Please find an overview of the datasets used for training below. All datasets contain English text. The table summarizes which emotions are available in each of the datasets. The datasets represent a diverse collection of text types. Specifically, they contain emotion labels for texts from Twitter, Reddit, student self-reports, and utterances from TV dialogues. As MELD (Multimodal EmotionLines Dataset) extends the popular EmotionLines dataset, EmotionLines itself is not included here. 
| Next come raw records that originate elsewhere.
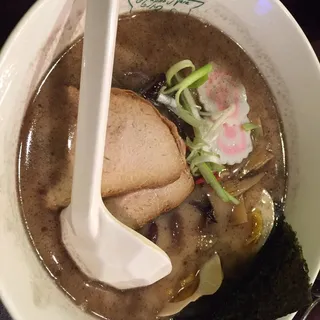 Kuro (Black)Tonkotsu Ramen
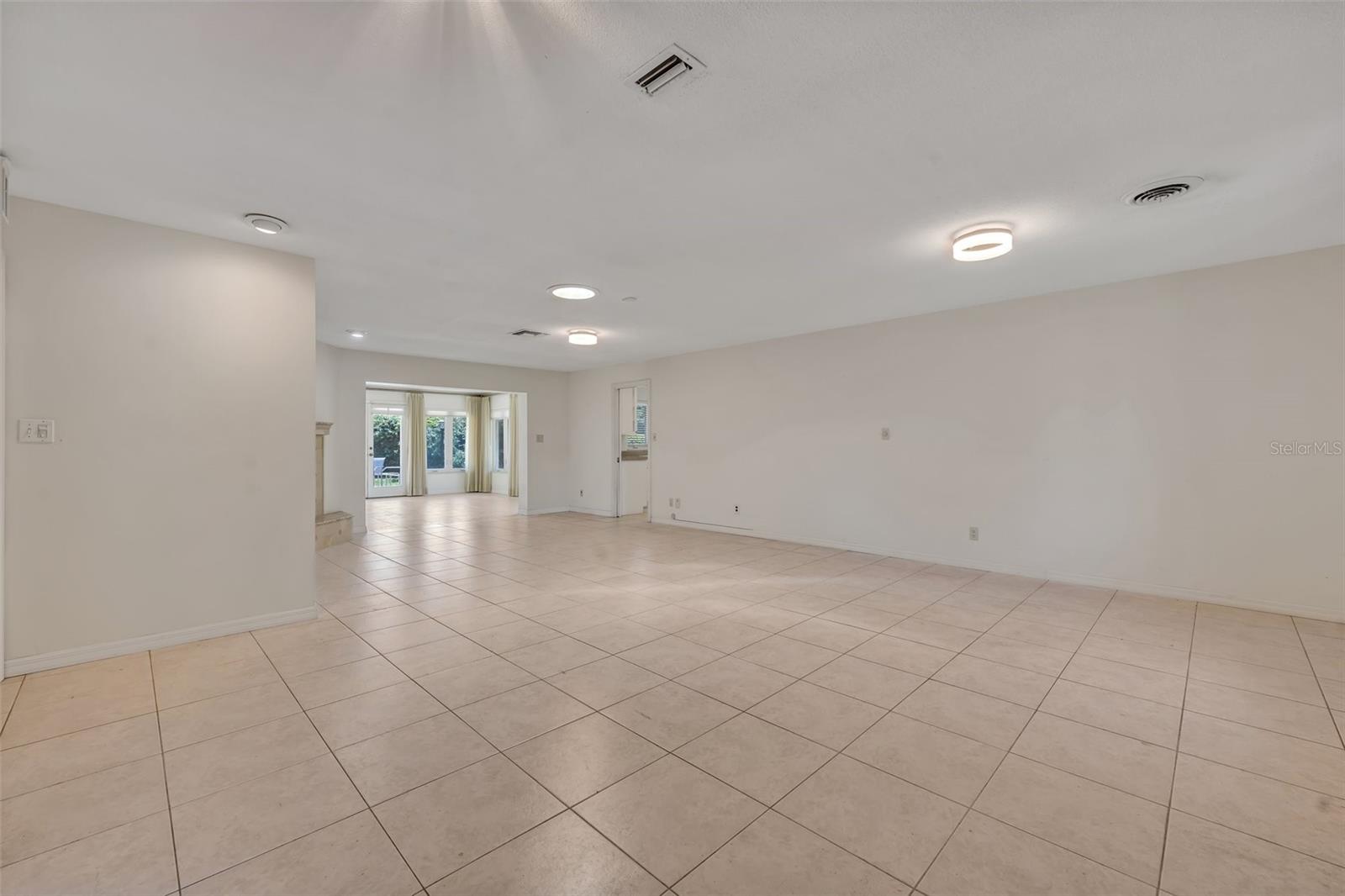Image 4 of 55 For 309 Park North Court
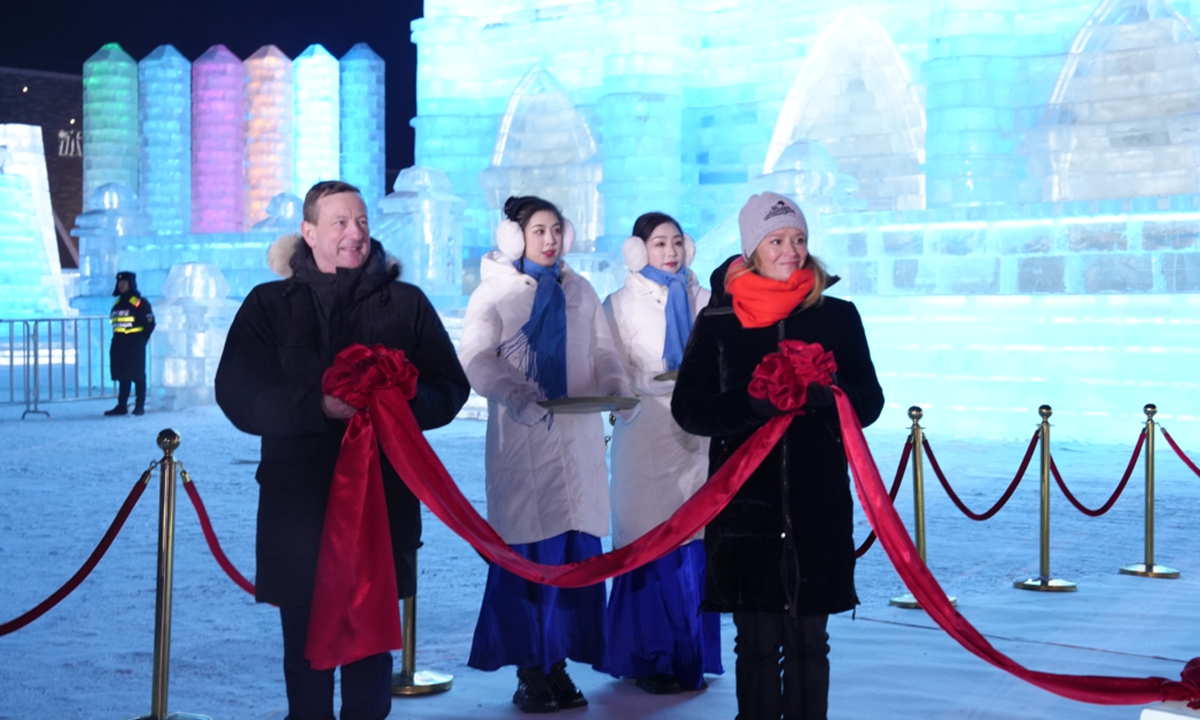 Bertrand Lortholary (left), French Ambassador to China and Olivia Grégoire, French Minister for Small and Medium Enterprises, Trade, Crafts, and Tourism Photos: Courtesy of the French Embassy in China 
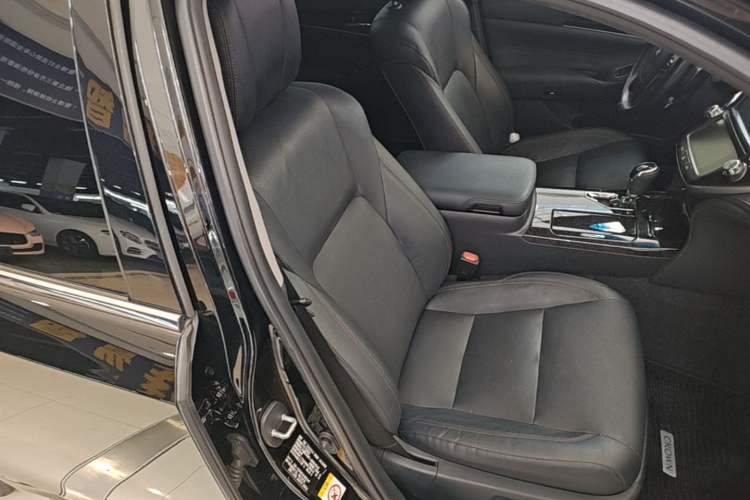 Used Toyota Crown 2018 2.0T Fashion Edition Right Front Seat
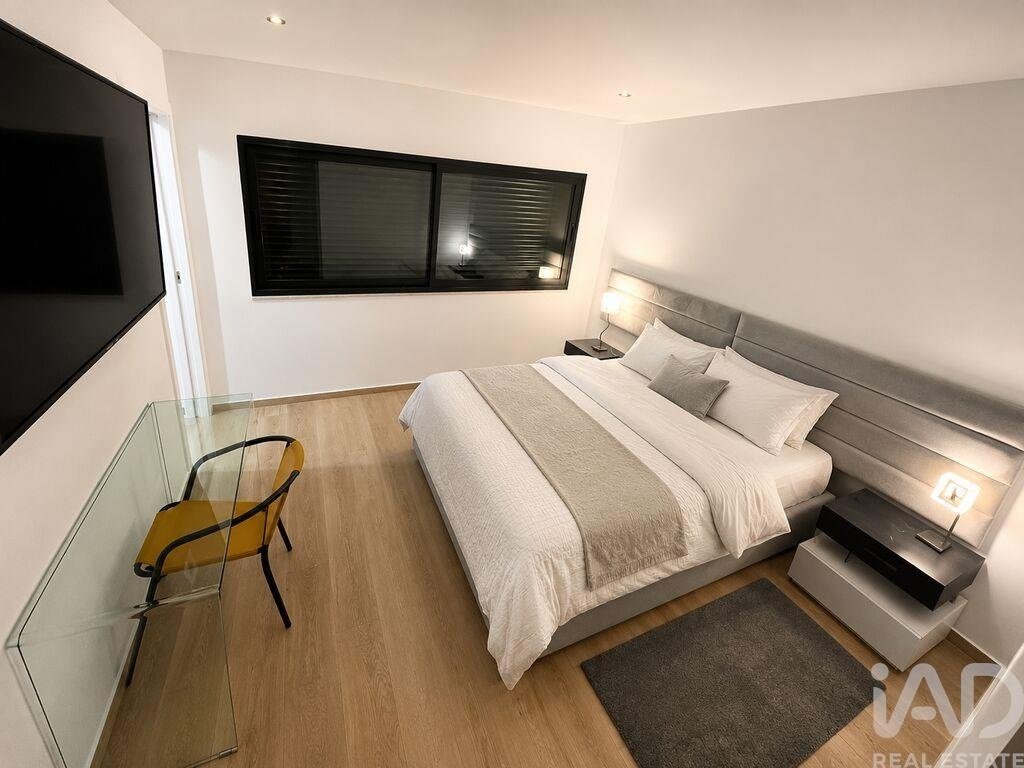 Townhouse in Charneca de Caparica e Sobreda, Setubal, Portugal 3 - 18469029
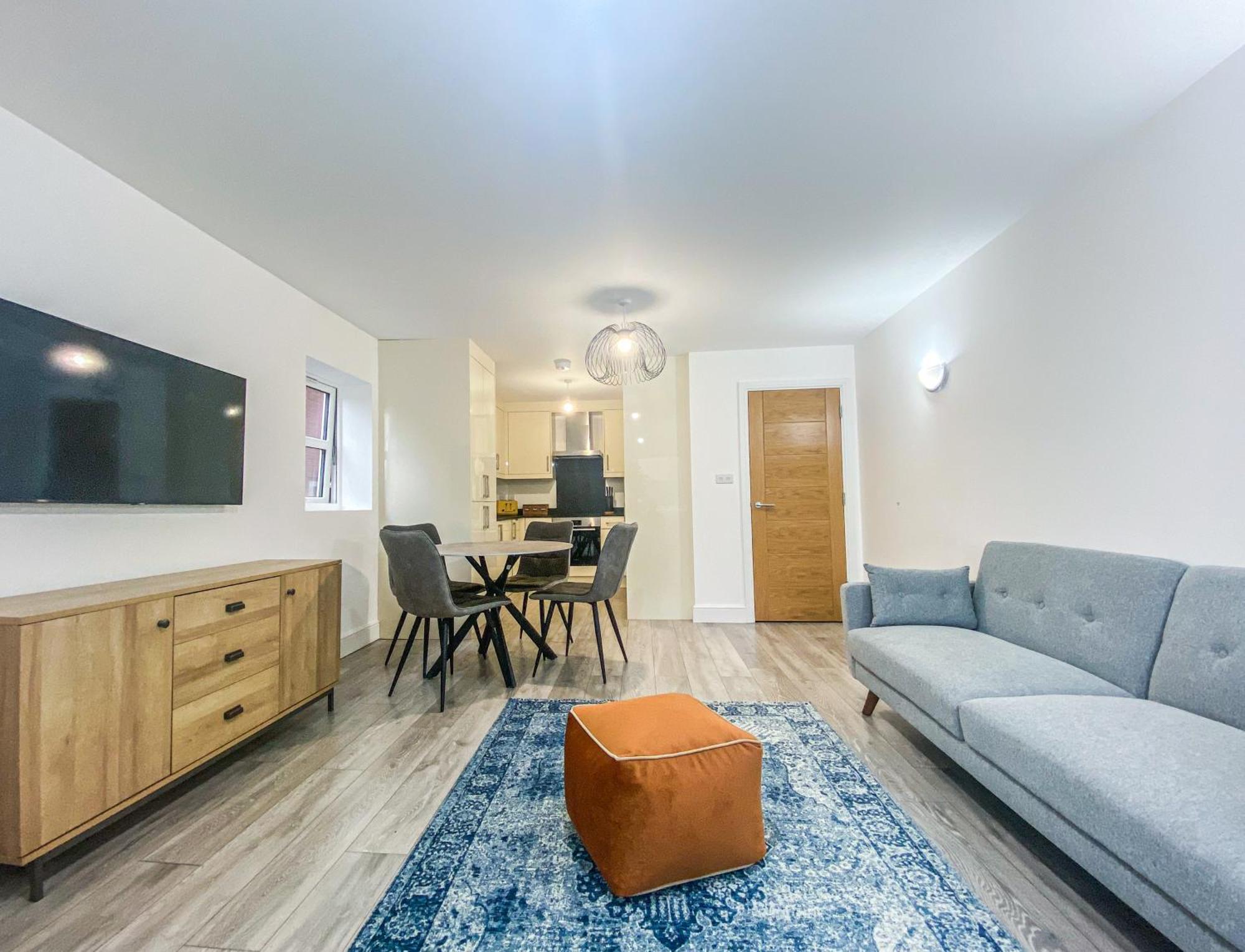 2 Bedroom City Centre Apartment In High Wycombe With Parking Ngoại thất bức ảnh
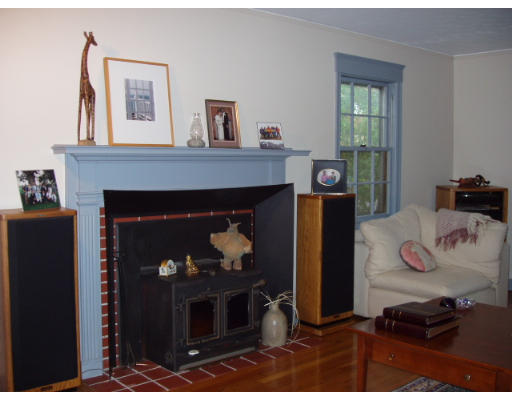 8 Saxon Road Worcester, MA 01602 - Photo 9 of 21 Gallery Image 9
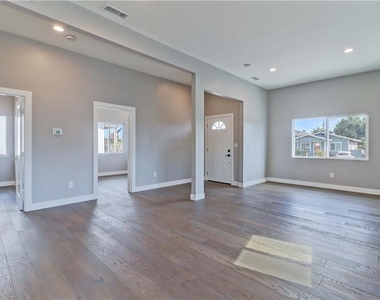 409 Olive Street - Photo Thumbnail 3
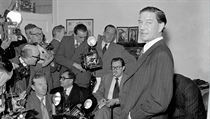 Moskva odemkla Philbyho archív. Rusové svého ‚krtka‘ hájí, podle Britů může za smrt stovek agentů Kim Philby s novináři poté, co byl obviněn ze špionáže. Rok 1955. | na serveru Lidovky.cz | aktuální zprávy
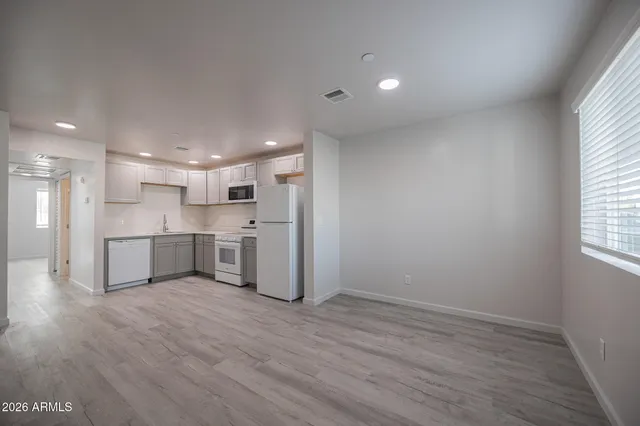 $1,295 | 2121 West Adams Street, Unit B105, Phoenix, AZ 85009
|Name|anger|disgust|fear|joy|neutral|sadness|surprise|
|---|---|---|---|---|---|---|---|
|Crowdflower (2016)|Yes|-|-|Yes|Yes|Yes|Yes|
|Emotion Dataset, Elvis et al. (2018)|Yes|-|Yes|Yes|-|Yes|Yes|
|GoEmotions, Demszky et al. (2020)|Yes|Yes|Yes|Yes|Yes|Yes|Yes|
|ISEAR, Vikash (2018)|Yes|Yes|Yes|Yes|-|Yes|-|
|MELD, Poria et al. (2019)|Yes|Yes|Yes|Yes|Yes|Yes|Yes|
|SemEval-2018, EI-reg (Mohammad et al. 2018) |Yes|-|Yes|Yes|-|Yes|-|

The model is trained on a balanced subset from the datasets listed above (2,811 observations per emotion, i.e., nearly 20k observations in total). 80% of this balanced subset is used for training and 20% for evaluation. The evaluation accuracy is 66% (vs. the random-chance baseline of 1/7 = 14%).